I'll never understand why Hollywood has such a hard time with adapting cartoons to live-action films, especially summer blockbusters.
Consider that most summer movies use the same kind of short-attention-span logic found in most Saturday morning cartoons, and it would seem to be a no-brainer, right?
Unfortunately, no-brainers are what we tend to get. And, after watching Inspector Gadget
, I think I've pinpointed why. Oh, there's the obvious reason--that the absurdity of most Saturday morning shows doesn't translate well to live-action--but the visuals required for something like Gadget
are trivial in a post-Jurassic Park
The real problem, I think, is that the people who make (or, since this is Hollywood, alter) these films rarely bother to get an understanding of what they're adapting. A particularly glaring example is Joel Shumacher's Batman & Robin
, which played more like a homoerotic leatherboy variation on the 1960s TV show than any of the Dark Knight comics that have been on the racks for the last 25 years.

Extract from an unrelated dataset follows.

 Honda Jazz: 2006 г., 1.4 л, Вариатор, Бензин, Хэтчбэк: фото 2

The same applies to Inspector Gadget
: it's based more on a superficial reading of the original TV show, rather than any concerted effort at understanding what made it tick.
Case in point: Gadget (Matthew Broderick) saves the day in the movie by--eventually--plotting a course of action quite deliberately, and executing it to the best of his ability. He's not terribly swift, but wowsers, does he try hard. And that's what carries him through.

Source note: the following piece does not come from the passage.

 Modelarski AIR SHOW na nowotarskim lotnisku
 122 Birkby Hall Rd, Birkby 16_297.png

Hello? As any ten-year-old who's watched the show can tell you, Gadget never
solves anything intentionally. In fact, he's usually oblivious to what's going on around him, functioning in his own little universe that only intersects with ours when his niece Penny practically gift-wraps a criminal for him.
Gadget's eternal nemesis, Claw? Don't get me started. Rupert Everett looks like he's having fun camping it up as an evil mastermind, but what kind of mastermind goes completely wiggy when a plan starts to go only slightly awry? Of course, according to the cartoon we're not even supposed to see what Claw looks like, but it seems like no one could bother to use a little imagination to write around that. (Everett didn't have
to be Claw--he could have easily been an ambitious second-in-command.)

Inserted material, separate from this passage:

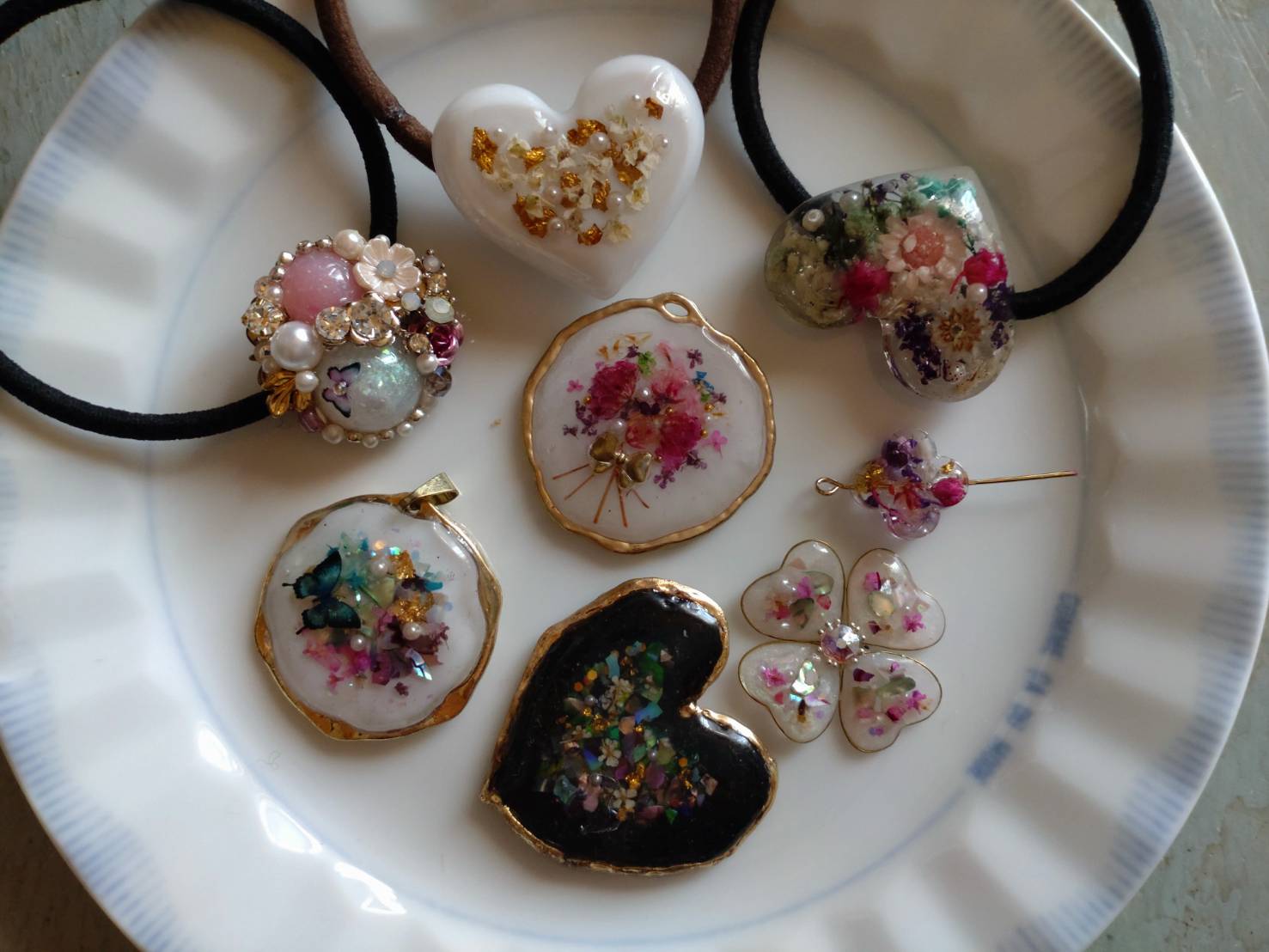 簡単にできる! レジンアクセサリー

Of course, all of these would be excusable if they got to the important part of any adaptation: preserving the integrity of the original characters. You know, the ones who got so many people interested in the first place?
How many bombs will it take for Hollywood to realize that what keeps people really happy isn't the patina of superficial plot similarities, catchphrases, and theme songs: it's the characters we've come to know and love (or love to hate). Really, once you've nailed the characters they pretty much write themselves. All the "cool" and "fun" trinkets thrown at the audience to appease them won't help.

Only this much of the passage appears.